Farmers in North Dakota and Minnesota have made great strides over the past week getting their wheat and corn crops in the ground.
By Sunday, 94% of the expected U.S. corn crop had been planted, with 81% in North Dakota and 93% in Minnesota, according to the USDA’s weekly Crop Progress report.
Farmers in both states started planting late this spring due to wet conditions. A week ago, only 56% of North Dakota’s corn crop and 59% of its spring wheat had been planted.
As of Sunday, 97% of the spring wheat crop had been planted nationwide, including 74% in North Dakota.
Keep in mind: Much of the winter wheat crop in the major Plains states remains in poor condition. Approximately 82% of the Texas crop, 55% of the Colorado crop, 49% of the Oklahoma crop, and 41% of the Kansas crop are rated in poor to very poor condition.
House Ag members face major challenges
Several members of the House Agriculture Committee are trying to weed out the challengers today as seven states hold primaries.
In one of the most notable races, California Rep. David Valadao takes on two GOP challengers, including Chris Mathys, an Army veteran and rancher. He attacks Valadao for voting to impeach Donald Trump in January 2021. The district leans Democratic, so a loss to Valadao would make it even harder for the GOP to hold onto the seat.

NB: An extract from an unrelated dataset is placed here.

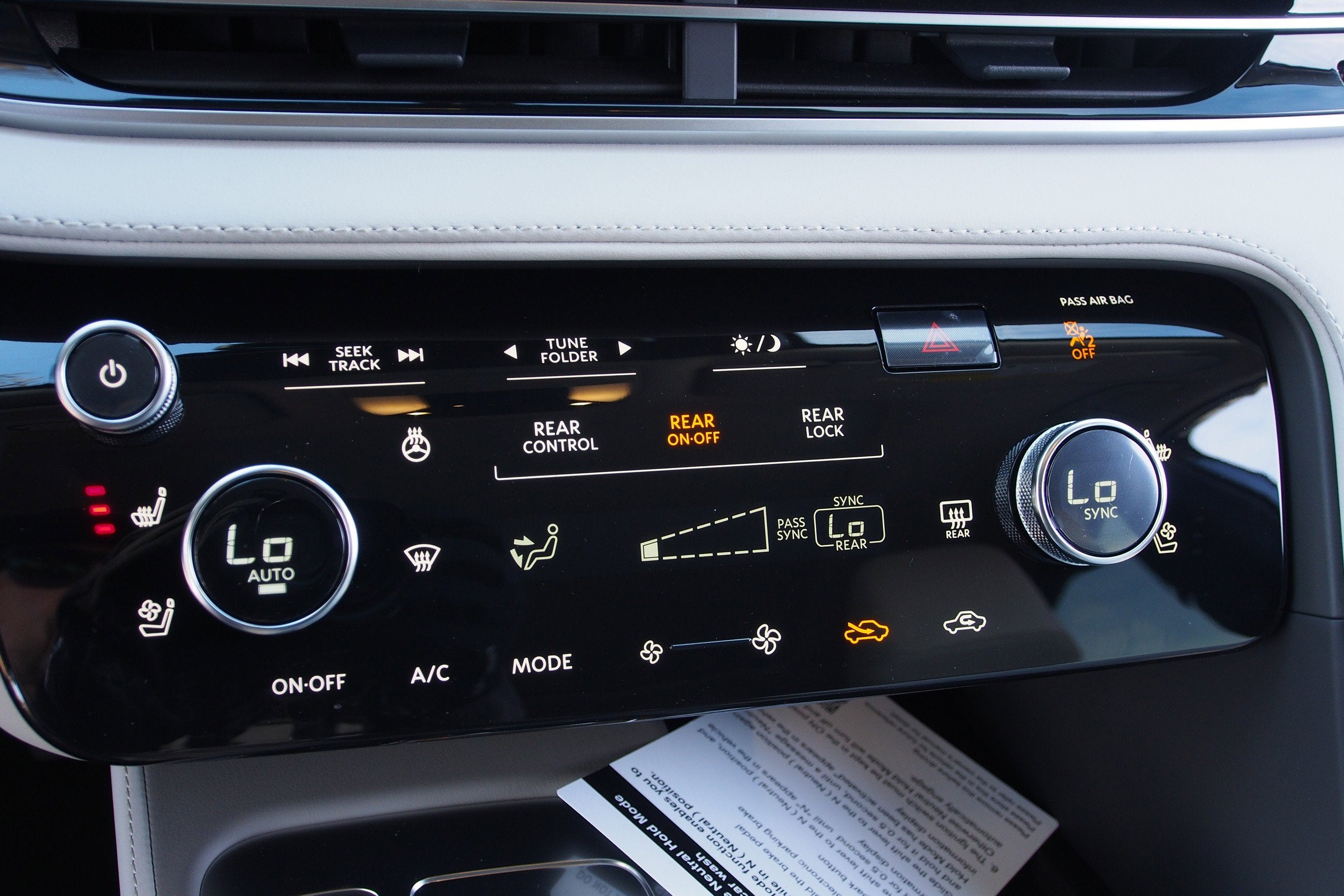 2026 INFINITI QX60 LUXE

In South Dakota, GOP Rep. Dusty Johnson is running against Taffy Howard, a state lawmaker who is attacking the two-term holder for voting to certify the results of the 2020 presidential election.
Besides: Former Interior Secretary Ryan Zinke is running in the GOP primary for Montana’s 1st District seat. The state wins a seat in the House, and incumbent Rep. Matt Rosendale runs in the new, more agricultural 2nd District.

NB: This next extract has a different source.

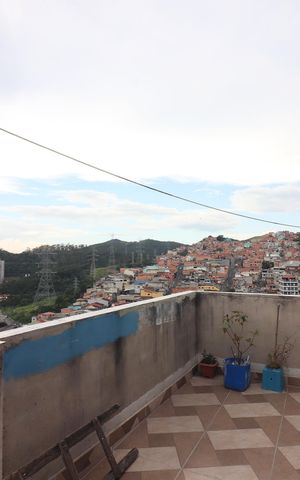 Casa à venda com 50m², 3 quartos e sem vagaÁrea de Serviço e Varanda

APHIS to assess the impacts of the high-path program
The Zoosanitary and Phytosanitary Inspection Service will have to review the way birds are euthanized after contracting high-grade avian influenza, as part of an agreement with three animal protection groups.
The Humane Society of the United States, Farm Sanctuary and Mercy For Animals had sued the agency in 2020, claiming that APHIS failed to adequately analyze the environmental impacts of the death or burial of millions of birds.
The groups hope APHIS will take seriously a suggestion they made in 2015 to condition compensation for poultry farmers on reducing stocking density and moving to cage-free, low-stocking production.
An environmental impact study must be completed within approximately two and a half years, according to the agreement between the groups and APHIS.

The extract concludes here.